* **AIM OF THE TASK**: From the listing below, restate word for word the lines from the line containing "Sword Vol 9 Free low-poly 3D model" down through the line containing "Studio M Staked". Exclude pictures.

* **SUPPLIED DATA**:
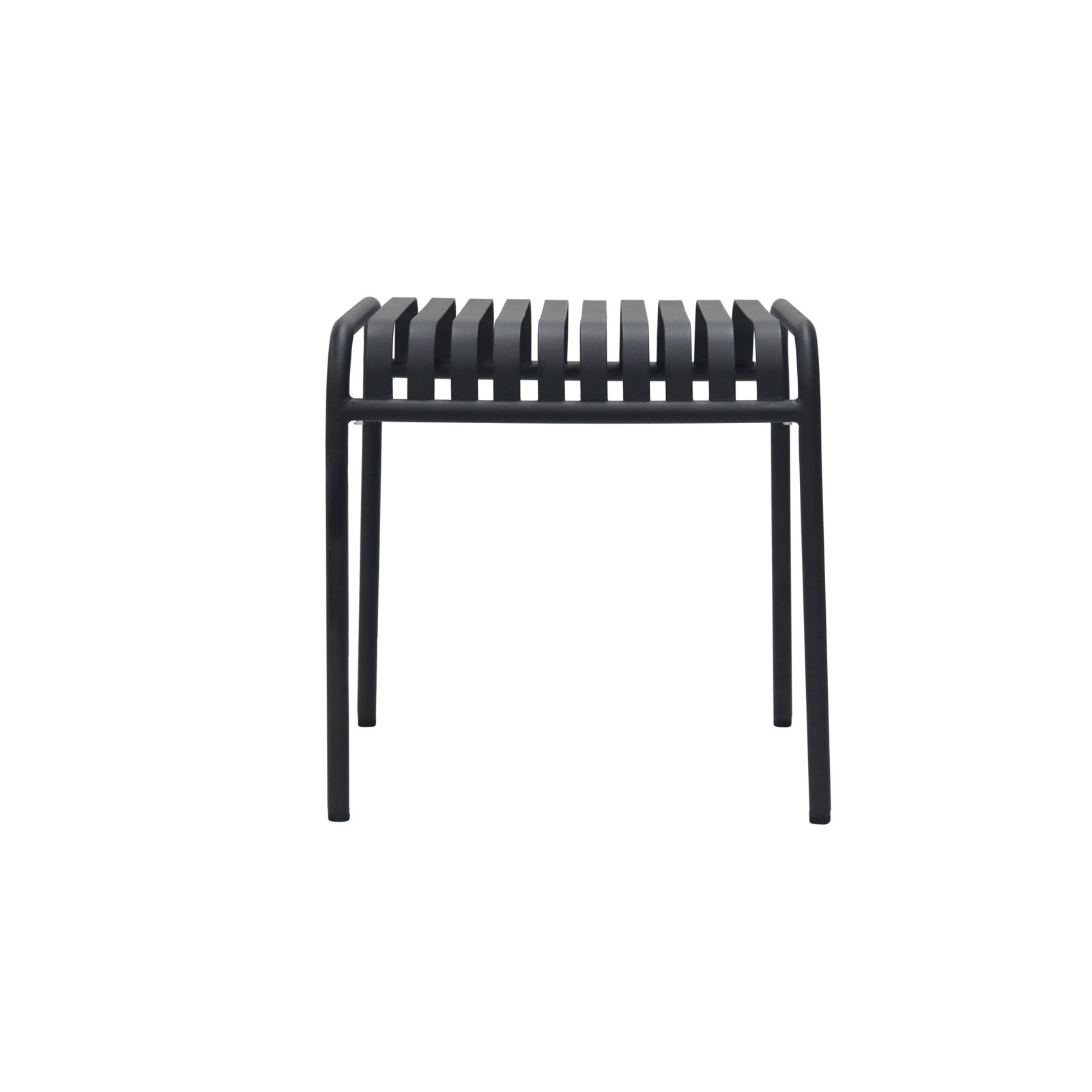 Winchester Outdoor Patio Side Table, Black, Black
--
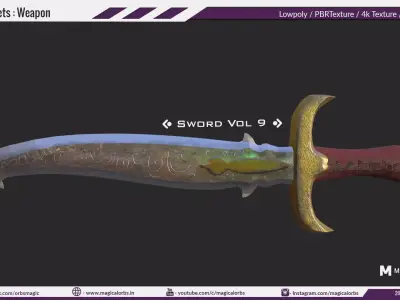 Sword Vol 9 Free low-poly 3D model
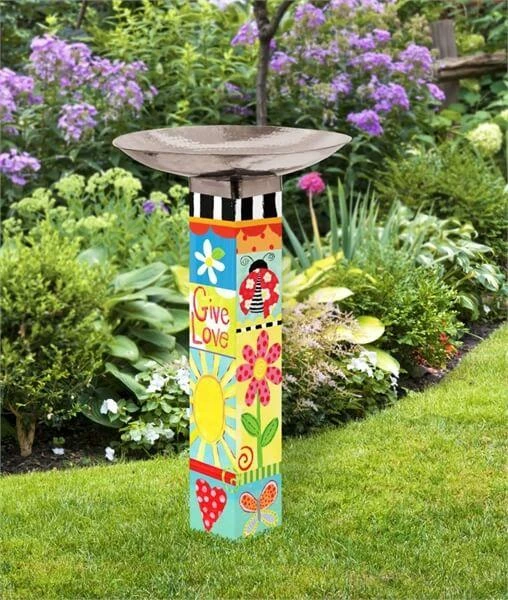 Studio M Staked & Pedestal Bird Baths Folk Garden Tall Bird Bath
* * *
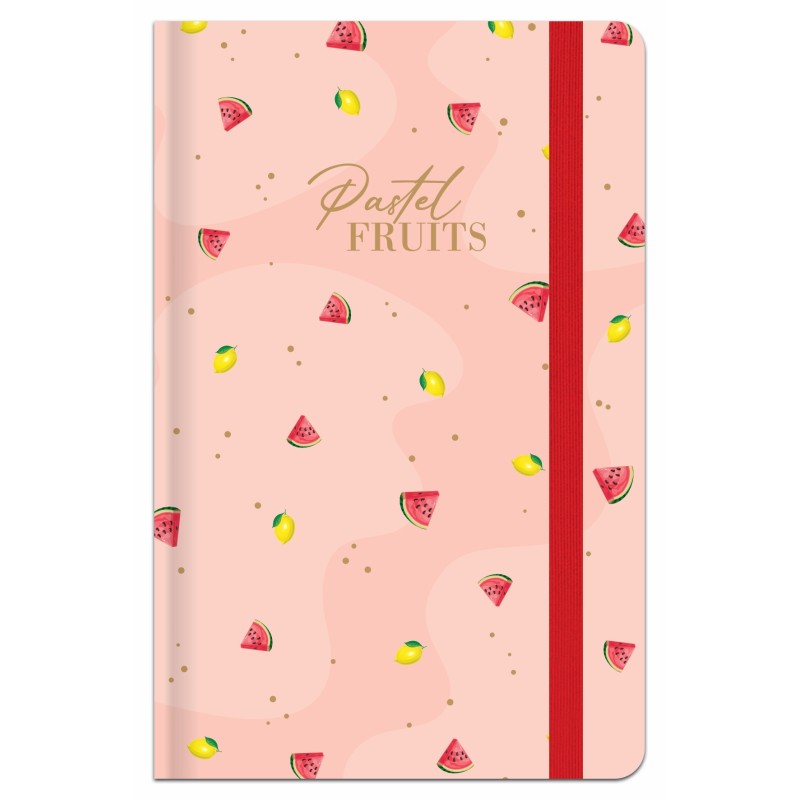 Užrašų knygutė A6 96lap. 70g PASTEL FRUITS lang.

* **RESULT OF THIS EXERCISE**:
 Sword Vol 9 Free low-poly 3D model
 Studio M Staked & Pedestal Bird Baths Folk Garden Tall Bird Bath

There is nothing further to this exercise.